In Domb v Isoz ([1980] Ch. 548, CA (Eng)) S agreed to sell her house to P. The form of the contract had been agreed and P’s solicitor sent the part of the contract signed by his clients to S’s solicitor together with a cheque for the deposit. S’s solicitor agreed to hold the contract to P’s solicitors order. S’s solicitor held his own client’s signed part of the contract. The two solicitors then spoke to each other and agreed that an exchange of contracts had been effected. Then S refused to complete. The question was whether there had been an effective exchange of contracts. The English Court of Appeal unanimously affirmed that there had been an effective exchange of contracts.

Conveyancing solicitors have implied and ostensible authority to effect an exchange of contracts by such method as they see fit (Templeman L.J. at 563):

‘Exchange by telephone, it seems to me, eliminates, or at any rate substantially reduces, the danger that any client will lose a bargain or be left without a home. Exchange by telephone can only take place after both vendor and purchaser sign contracts in identical form (subject to the question of rectification, which can apply to any contract) so that there is no doubt about the terms of the contract. Exchange by telephone can only take place when a contract signed by a client is in the physical possession of his own solicitor or in the possession of the solicitor on the other side who has agreed to hold that part to the order of the despatching solicitor … [I]f two solicitors exchange by telephone, they should then and there agree and record identical attendance notes.’ (Templeman LJ at 564)

The part of the contract signed by S had an extra clause (with the agreed apportionment of the price between the house and certain fittings). This did not prevent an exchange in this case since there was no doubt that the apportionment had been agreed and Buckley LJ would have been prepared to order rectification if need be (559).

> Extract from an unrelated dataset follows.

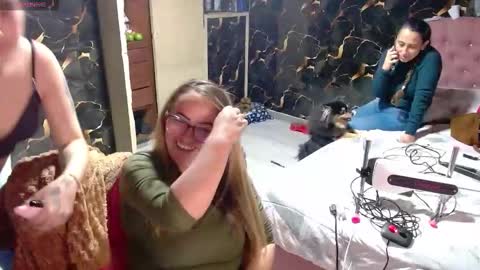 fuck_me_baby17 online show from 03/20/26, 01:54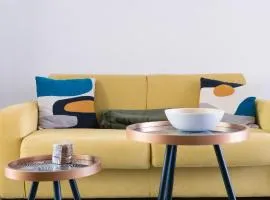 La Verrière by la Maison de Marc- Poitiers Centre - parking et terrasse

Agent’s authority: limited to open contract?

December 2, 2011

In Wisecal Ltd v Conwell International Ltd ([2011] 4 HKLRD 275, CA) C was a company that owned a flat. C’s sole director and shareholder (its alter ego) gave F authority to sell the flat at an agreed price. C then refused to complete the sale. W (the purchaser) sought damages from C (or from F if F had acted without authority). At first instance, it was decided that F had had authority to sign a contract. F was nevertheless found to be liable because he had not been given specific authority to enter into a contract in the form used (containing, for example, the usual liquidated damages clauses). On appeal, F pointed out that C had not pleaded this point and it had been raised by the judge in the course of final submissions. If C had intended to argue that, were it to be held that F had authority, then that authority did not extend to those particular clauses then that should have been included in its pleadings. It was not. F’s appeal was allowed. C was ordered to pay the damages to W. The Court of Appeal seemed to doubt that C would have succeeded even had it pleaded that F had no authority to sign up to these standard contract terms.

No contract where the auctioneer’s authority has been revoked

March 9, 2011

An auctioneer can only create a binding contract for the sale of land where he has the actual authority of the seller.

In Hoie Sook Fong v Ismail Halima ([2008] HKEC 2213) the owner of a flat arranged for it to be sold at auction. She revoked the auctioneer’s authority before the auction. Despite that, the property was offered for sale and there was a successful bid. The flat owner refused to complete the sale. It was held that there was no binding contract since the auctioneer’s authority had been revoked and auctioneers need actual authority if they are to bind the principal. The auctioneers were liable to the successful bidder for breach of warranty of authority.